The Father will give you whatever you ask of Him in the name of His Son, Jesus. The sinner in us wants to say, “Ah ha! It’s just as I suspected—there’s a catch, a loophole, that allows God to not give me everything I ask of Him.” But when we think like that, we are really slandering God and thinking ill of Him. This little phrase—in my name—is not a loophole; rather, it is a boundary that God sets for our good. You see, God loves us too much to give us everything we want. [And so] He draws a boundary around the things that He promises to give us in answer to our prayer. That boundary is His love.…Because God is our loving heavenly Father, He restricts His promise to those things that are for our good, which draw us close to our Saviour [Jesus], in whose name we pray aright (Selected Sermons of Norman Nagel, pp. 140-141).
The only way we can pray aright is to pray in the name of Jesus. Of course, that means we must confess Christ to be our Lord and Saviour. Prayer—true prayer—can only rise from faith in Christ, for only through Christ can we believe that [God] is our true Father and that we are His true children, so that with all boldness and confidence we may ask Him as dear children ask their dear father (Small Catechism, The Lord’s Prayer: The Introduction). The world likes to talk sentimentally about the fatherhood of God and the brotherhood of man apart from Christ. But the truth is that it is only in our belonging to Christ that we know God as our loving Father and each other as brothers and sisters.

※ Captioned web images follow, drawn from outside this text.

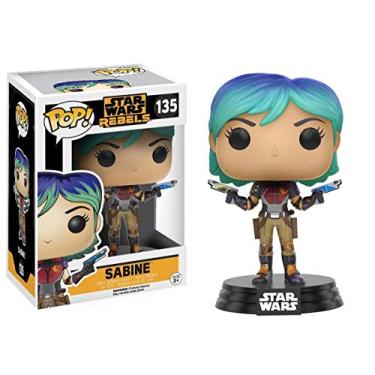 Imagem de Funko Star Wars Rebels Sabine Pop Figura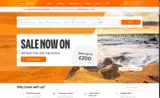 easyJet holidays coupon verification screenshot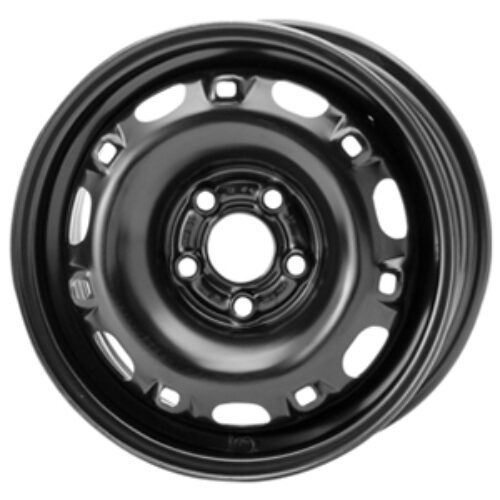 Cerchio in Lega MAK ACCIAIO 6X14 5X100 ET 43 CB 57,10 MATT BLACK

When we pray in Jesus’ name, we are claiming to be His own possession through Holy Baptism and we are also claiming the rights of sonship. It is as if we were saying to our heavenly Father, “Father, I am baptized; I belong to Your Son Jesus and in Him I have become Your own dear child, and so I know that You will hear and answer me with the same great love that You have for Your own dear Son.”
Always “Our Father”.
Have you ever wondered why—in our personal devotions—we do not change the Lord’s Prayer to “My Father who art in heaven”? The reason why we pray Our Father even when we are alone is because at all times we are, actually, in truth, never alone. We are always praying in the communion of the Blessed Holy Trinity; we are always praying with the Church. We are, in Christ, and therefore, where Christ is, there is His body. Here is how Luther put it, very nicely: Never think that you are kneeling or standing alone, rather think that the whole of Christendom, all devout Christians, are standing there beside you and you are standing among them in a common, united petition, which God cannot disdain (Luther, AE 43:198).
You are baptized into Christ; thus, you know that your prayers will always be heard by our Father in heaven. Pray, fervently, then, and with great joy. Pray in the name of Jesus, as His brother, as His sister. Pray without ceasing. And remember that you are never alone in your praying. Remember that Jesus has already gone through the worst for you, for He suffered and died for you, in your place, carrying the great burden of the world’s sins. He will see you through, whatever your need and whatever your heartache.
Jesus has gone through your trials and much, much worse. He died on the accursed tree; He suffered for all of your sins and the sins of all mankind. He rose again from the dead and He sits at the right hand of the Father, where He intercedes for His brothers and sisters still on earth. Therefore He will see you through to the end of your journey to heaven. He has already won the victory over all the enemies of your soul. And He gives you now the joy of praying in His name, knowing that our Father will always hear and answer your prayers in Jesus! Ask, [, then, ask in the name of Jesus] and you will receive, that your joy may be full. Amen.